C’est une pratique indigne du monde artistique et qui comme seul résultat a provoqué un véritable divorce entre les maisons de disques et une partie de leur public. Depuis 2004, l’Association américaine de l’industrie du disque (RIAA) a déposé plus de 10.000 plaintes sur les bureaux des juges américains, par paquets de plusieurs centaines de plaintes par mois. La plupart des affaires ont été réglées sous seing privé par le bénéfice d’une stratégie simple et redoutable, que d’aucun appellerait « chantage ». Si l’internaute accusé par la RIAA choisi de se défendre devant les tribunaux, il est averti que les frais judiciaires lui coûteront plus cher que le chèque de conciliation amiable. Même si elle se croit innocente, la personne accusée préfère payer et éviter l’épreuve d’un procès dont l’issue est toujours incertaine.

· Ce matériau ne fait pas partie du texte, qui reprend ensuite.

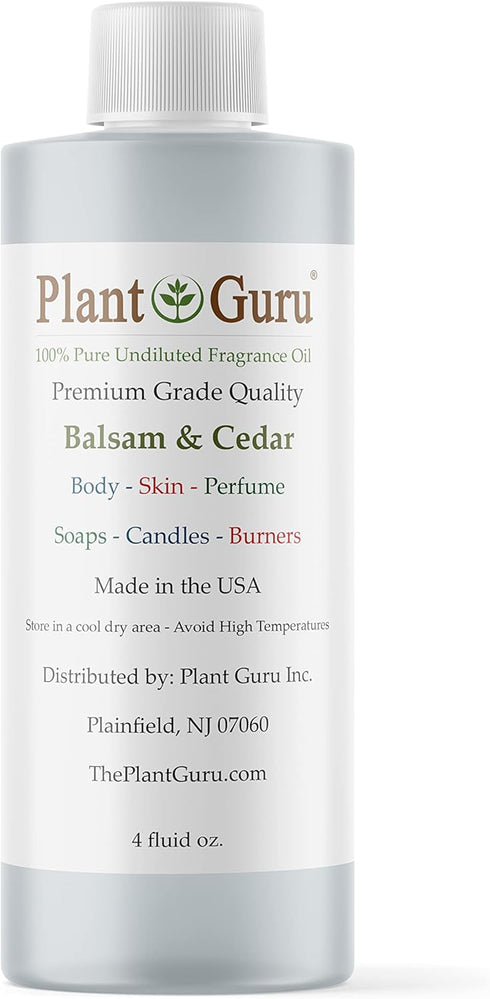 Balsam and Cedar Fragrance Oil 4 fl. oz. Scented Oil for DIY Soap Making, Candles, Bath Bombs, Body Butters. Used in Aromatherapy Diffusers, Burne...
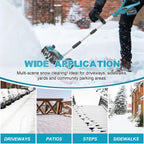 G perfil 13 Zoll bürstenloser elektrischer Schneepflug Schneekehrmaschine Akku-Sauberes Straßenhof-Elektrowerkzeug für Makita 18 V Akku-Pin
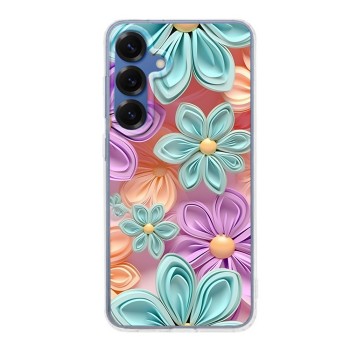 Husa pentru Samsung Galaxy S25, Atasare Magnetica, MagSafe, 3D Flower Medley 2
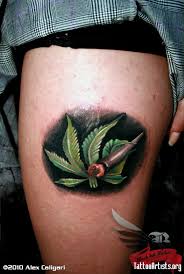 Weed tattos photos and art ideas. Weed Tattoos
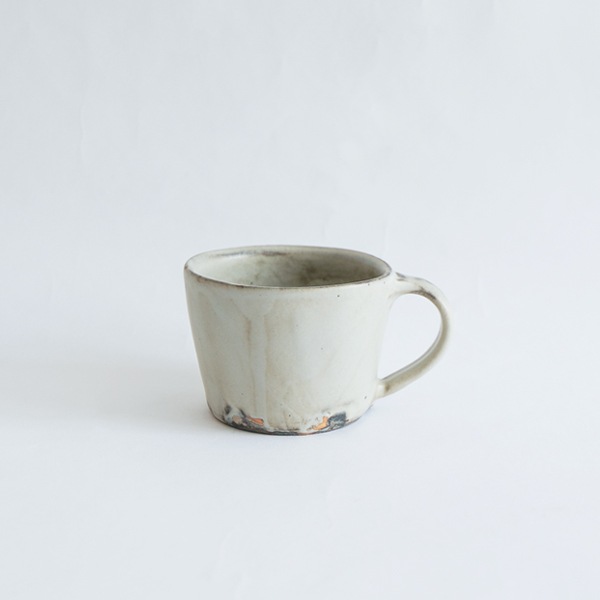 馬場勝文　土マット持ち手の大きなマグ（低）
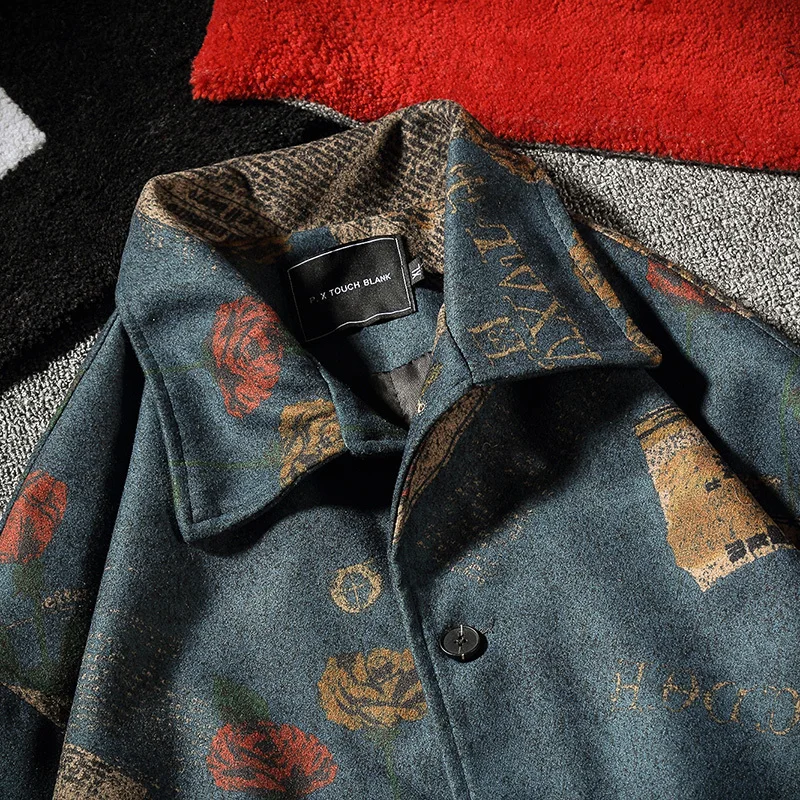 Зимняя Утепленная Мужская шерстяная куртка из хлопка мужское теплое модное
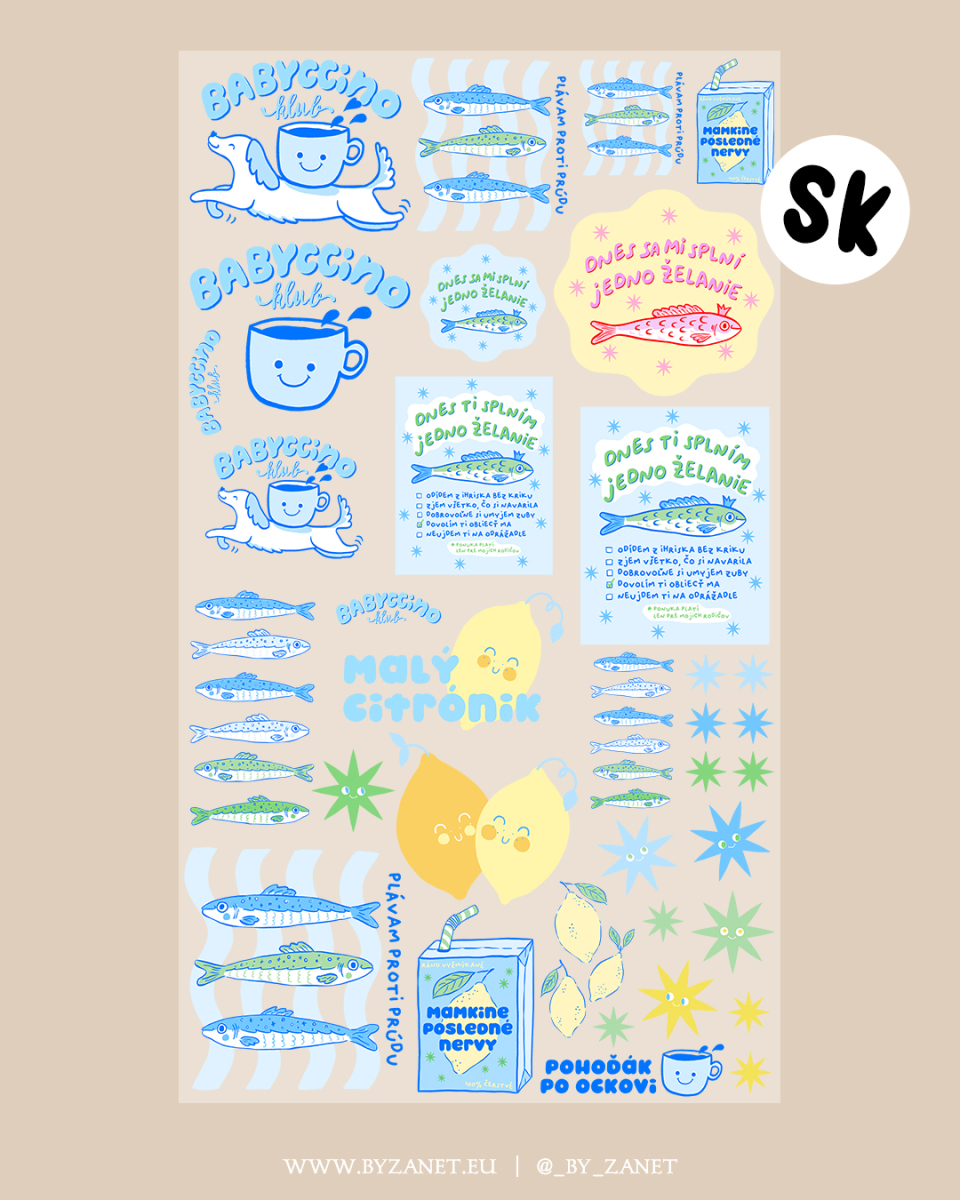 heat transfer sheet 100 cm babyccino boy (SK)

Toutefois certains se sont tout de même rebellés et ont souhaité porter la procédure jusqu’au bout. C’est le cas de Debbie Foster et de sa fille Amanda. Elles ont été accusées par la RIAA en novembre 2004 d’avoir téléchargé illégalement des chansons sur les réseaux P2P. Pendant la procédure, la famille Foster a contesté la validité des preuves apportées par l’Association, et le tribunal leur a donné raison. La RIAA a retiré sa plainte mais Debbie et Amanda Foster ont contre-attaqué en procédure abusive. Le tribunal fédéral a jugé jeudi que les deux femmes étaient les parties gagnantes du procès, et a condamné la RIAA à payer des dommages et intérêts et les frais de justice des deux défendresses devenues plaignantes.

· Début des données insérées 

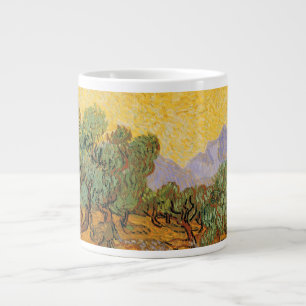 Vincent van Gogh - Olivträd, gul himmel och sol Jumbo Mugg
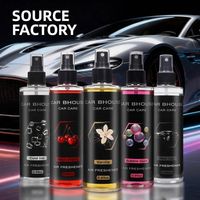 Spray désodorisant pour voiture, parfum longue durée, senteur gâteau à la fraise, parfum pour l'intérieur de la voiture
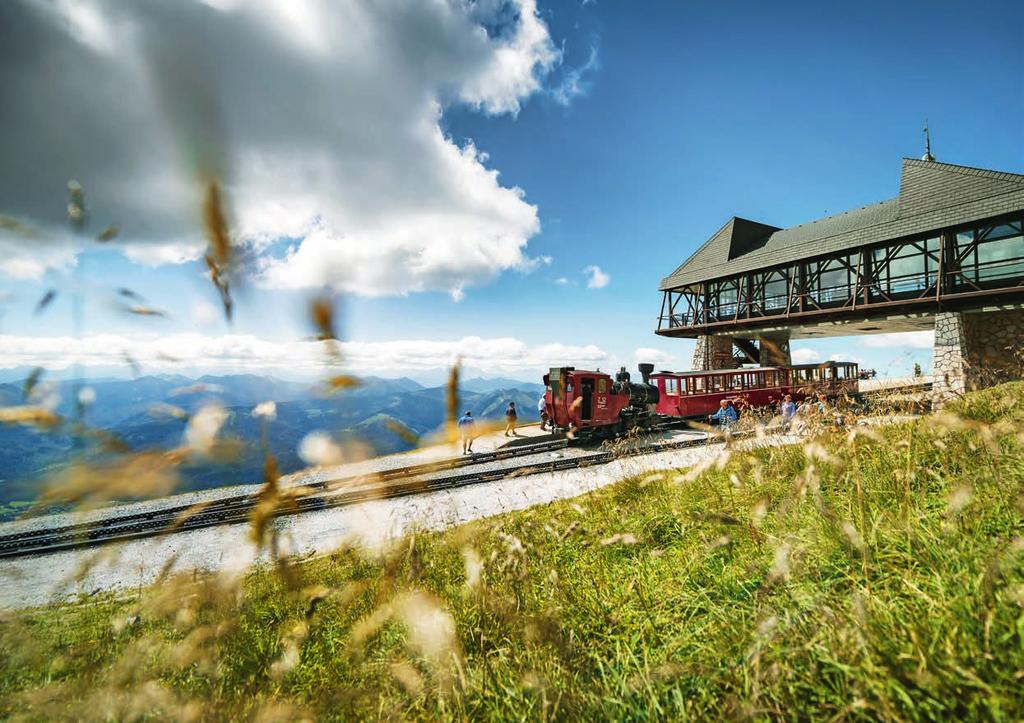 SCHAFBERGBAHN & WOLFGANGSEESCHIFFFAHRT VZDUŠNÉ VÝŠINY, KŘIŠŤÁLOVĚ ČISTÁ VODA Díky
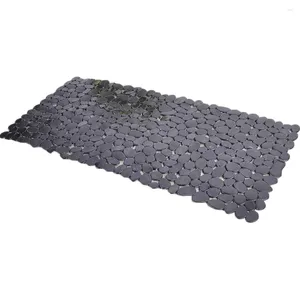 Tapetes de banho retângulo chuveiro anti-esquili-skid PVC Stone de sucção de tapete da cozinha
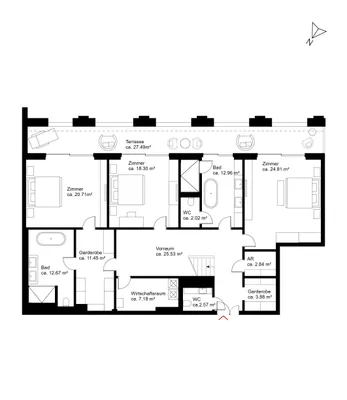 4-Zimmer-Wohnung kaufen in Wien – 226 m², € 6.998.000 – Bild 17 von 19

L’affaire pourrait convaincre d’autres internautes accusés par la RIAA de ne pas signer d’accord amiable avec le lobby mais d’aller eux aussi jusqu’au bout de la procédure. C’est le cas notamment de Panti Santangelo, une mère de cinq enfants de New York, qui a elle aussi décidé de plaider son innocence aussi loin qu’elle le pourra.

La décision du tribunal américain montre en tout cas une nouvelle fois l’extrême faiblesse des preuves apportées en matière d’infraction au droit d’auteur sur les réseaux P2P. Avec l’instauration en France d’un système contraventionnel automatisé, dont les preuves à apporter sont définies par décret, il sera beaucoup plus difficile de se défendre pour l’internaute accusé à tort. C’est là un point essentiel des droits de la défense sur lequel devra se prononcer le Conseil constitutionnel dans son examen de la loi DADVSI.